*TO DO*
Please reproduce all of the data exactly as it appears, but skip the pictures.

*MATERIAL PROVIDED*

==*==

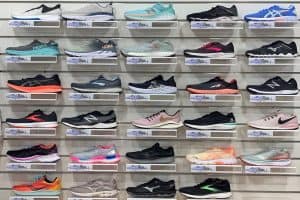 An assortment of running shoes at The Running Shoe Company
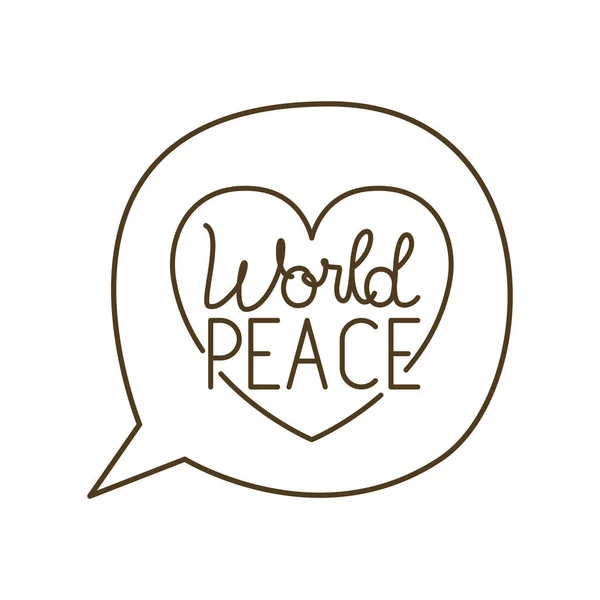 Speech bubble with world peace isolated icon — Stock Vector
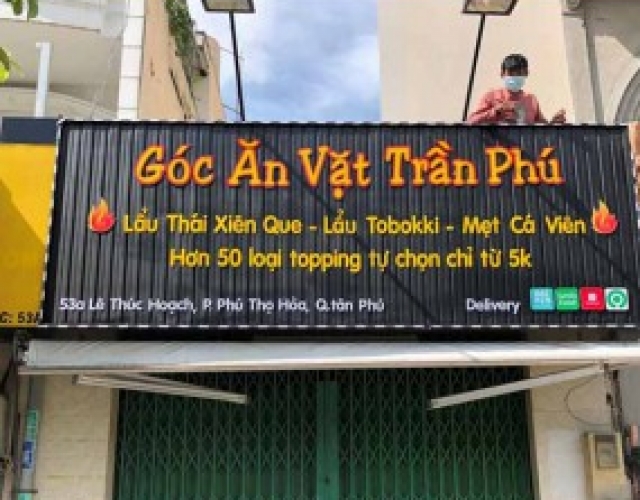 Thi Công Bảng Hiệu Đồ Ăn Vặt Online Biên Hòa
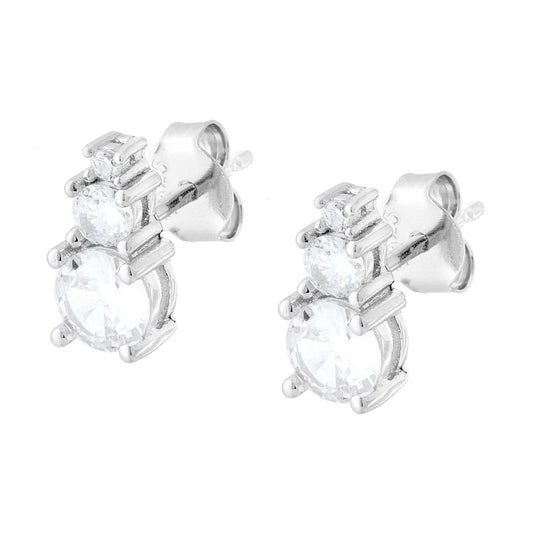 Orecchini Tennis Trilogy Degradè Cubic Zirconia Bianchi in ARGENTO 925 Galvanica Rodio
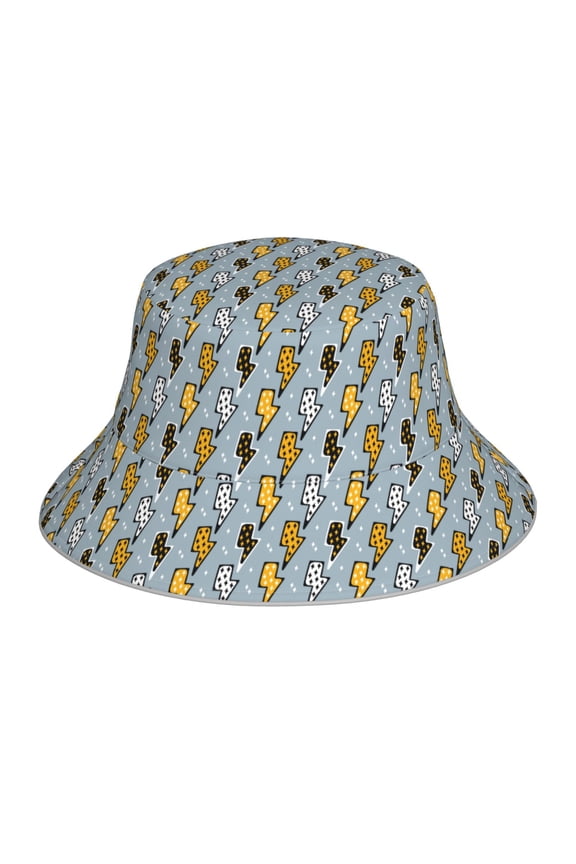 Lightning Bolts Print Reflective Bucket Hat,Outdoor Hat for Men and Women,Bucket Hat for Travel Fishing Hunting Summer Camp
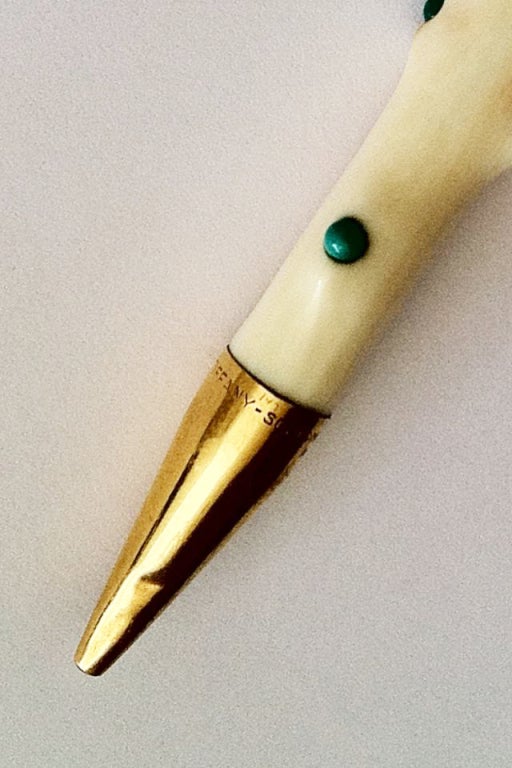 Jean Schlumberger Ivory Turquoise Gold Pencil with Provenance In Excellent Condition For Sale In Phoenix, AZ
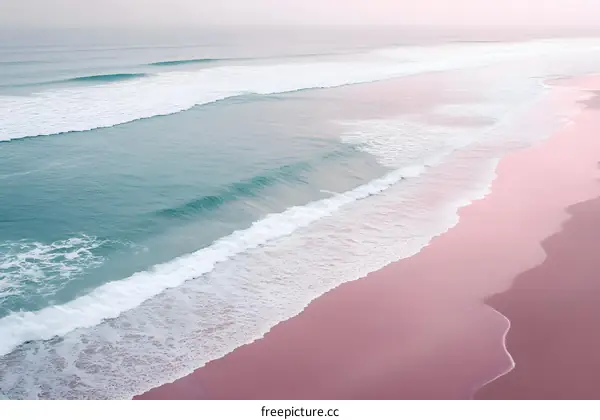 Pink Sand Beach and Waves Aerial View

==*==

*TASK SOLUTION*
 An assortment of running shoes at The Running Shoe Company
 Speech bubble with world peace isolated icon — Stock Vector
 Thi Công Bảng Hiệu Đồ Ăn Vặt Online Biên Hòa
 Orecchini Tennis Trilogy Degradè Cubic Zirconia Bianchi in ARGENTO 925 Galvanica Rodio
 Lightning Bolts Print Reflective Bucket Hat,Outdoor Hat for Men and Women,Bucket Hat for Travel Fishing Hunting Summer Camp
 Jean Schlumberger Ivory Turquoise Gold Pencil with Provenance In Excellent Condition For Sale In Phoenix, AZ
 Pink Sand Beach and Waves Aerial View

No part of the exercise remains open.